PROMPT = With the pictures omitted, print exactly the lines below, from the one containing "Blana pufoasa rosie" through the one containing "Flavio - Wooden", and nothing else.

BEGIN DATA TO EXAMINE

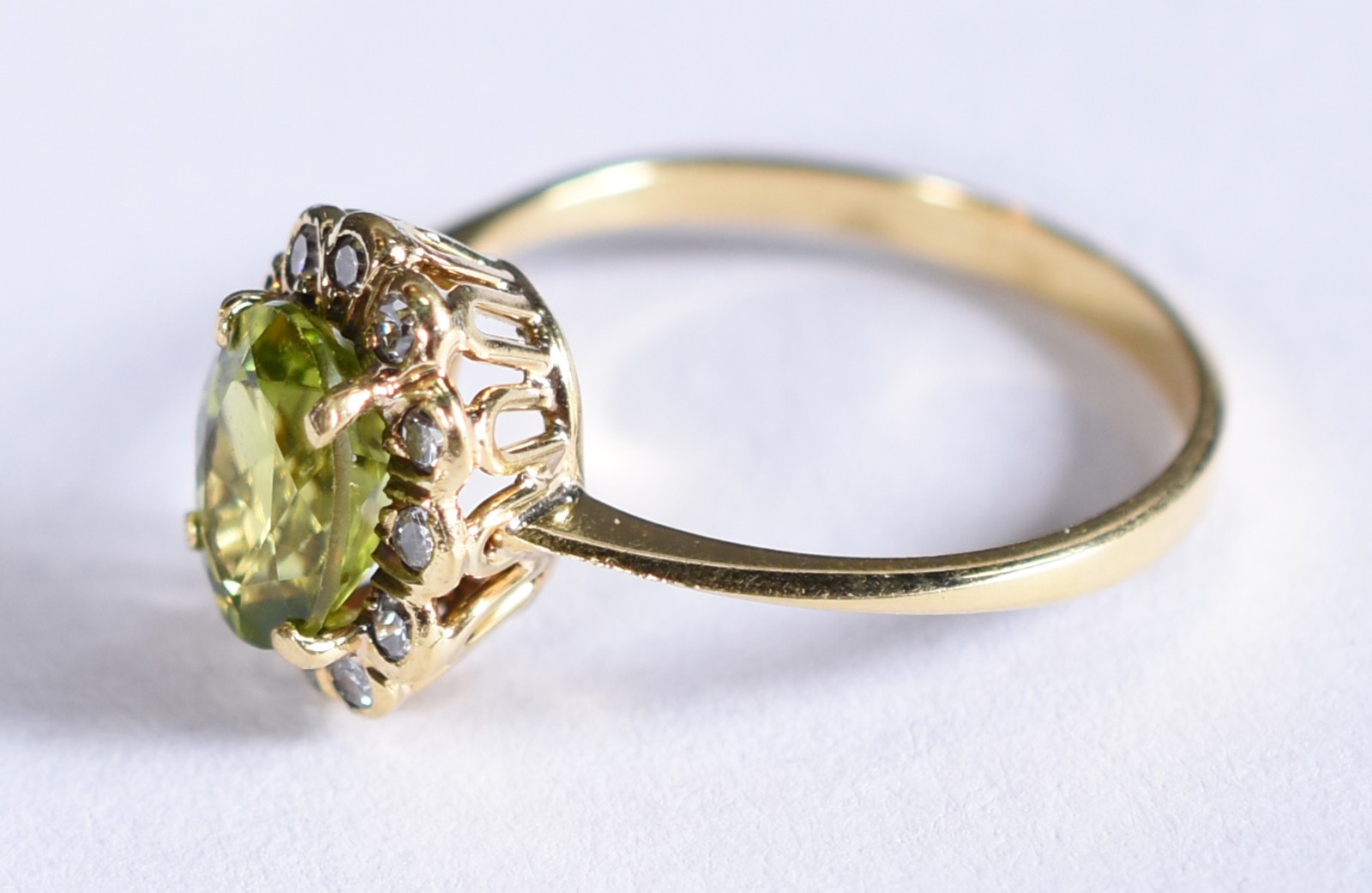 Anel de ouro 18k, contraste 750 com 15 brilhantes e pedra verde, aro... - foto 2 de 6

END DATA TO EXAMINE
BEGIN DATA TO EXAMINE

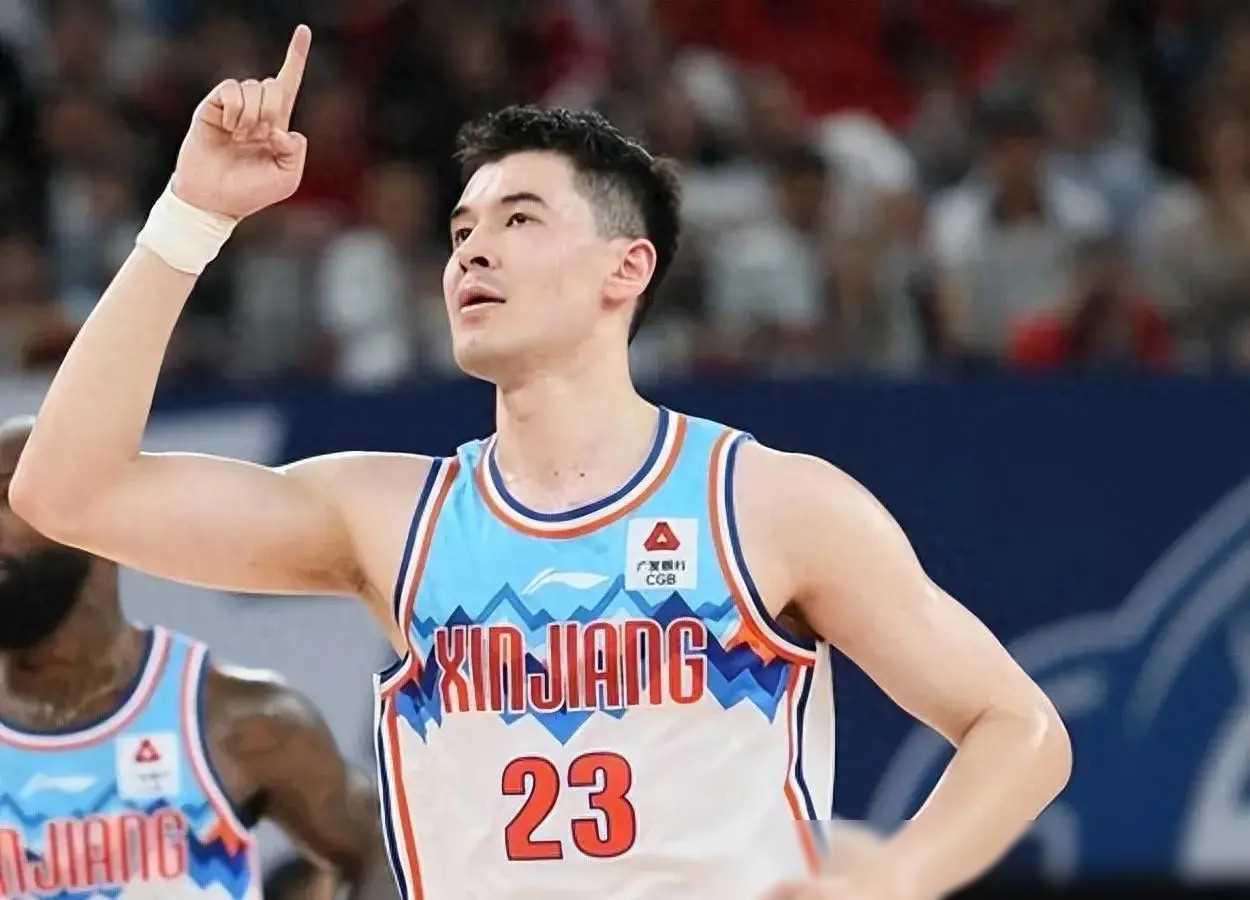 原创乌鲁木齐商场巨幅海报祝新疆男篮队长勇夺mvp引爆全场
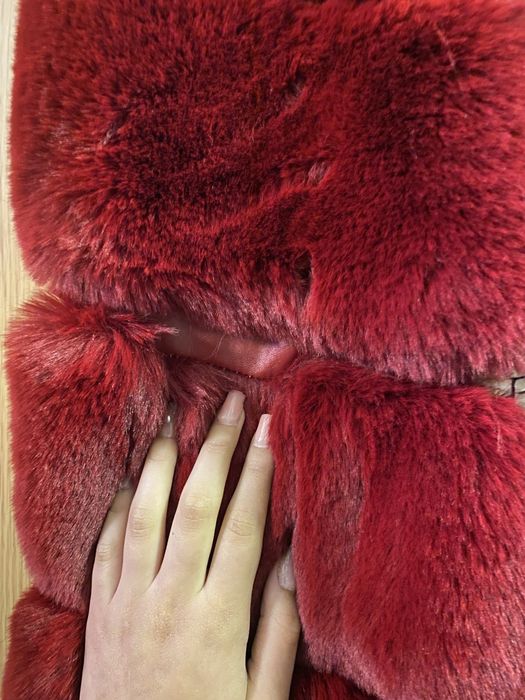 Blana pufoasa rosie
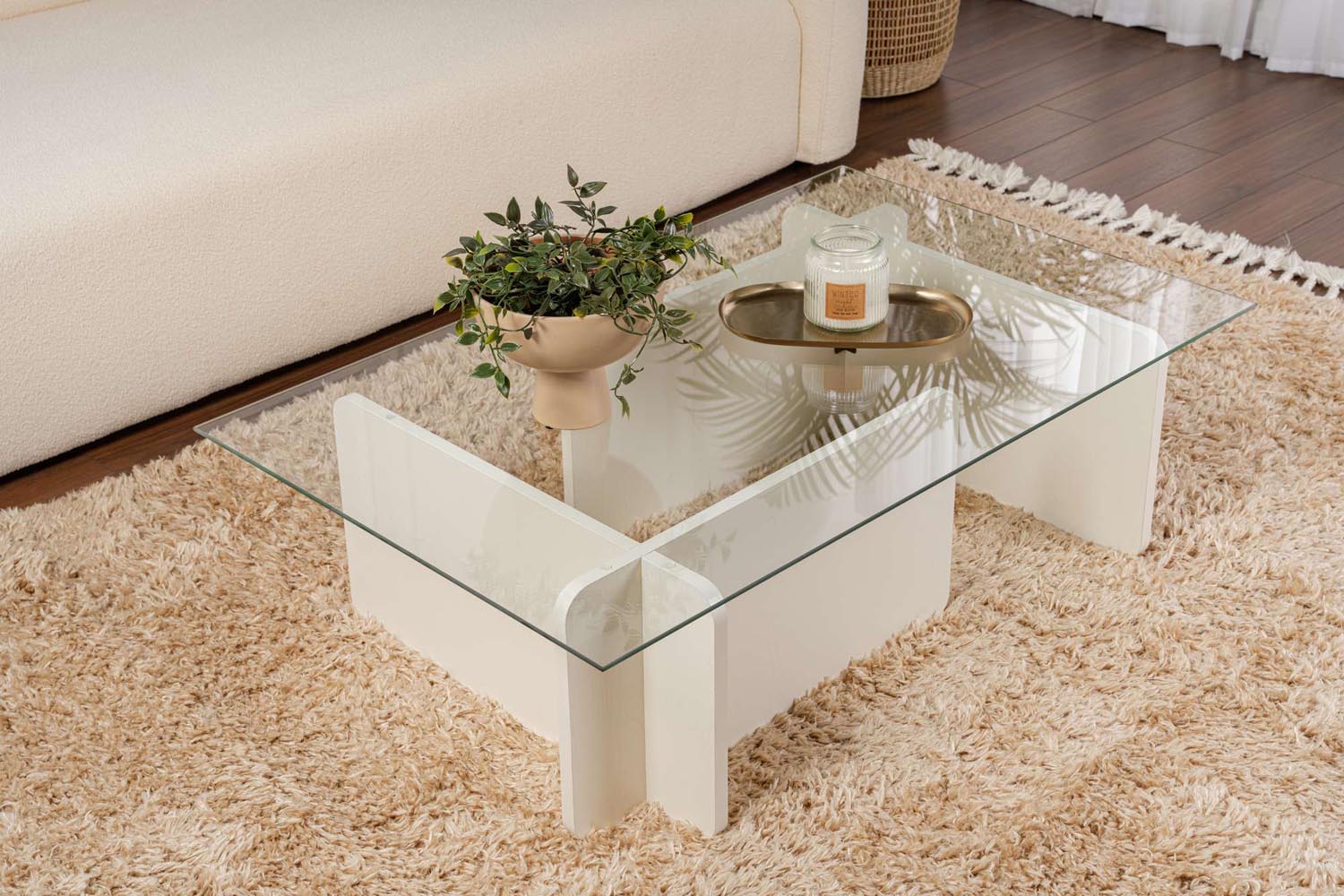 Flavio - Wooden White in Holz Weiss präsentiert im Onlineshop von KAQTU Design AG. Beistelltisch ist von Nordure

END DATA TO EXAMINE
BEGIN DATA TO EXAMINE

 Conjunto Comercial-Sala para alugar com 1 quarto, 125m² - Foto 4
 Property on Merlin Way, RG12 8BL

END DATA TO EXAMINE

OUTPUT OF THE TASK =
 Blana pufoasa rosie
 Flavio - Wooden White in Holz Weiss präsentiert im Onlineshop von KAQTU Design AG. Beistelltisch ist von Nordure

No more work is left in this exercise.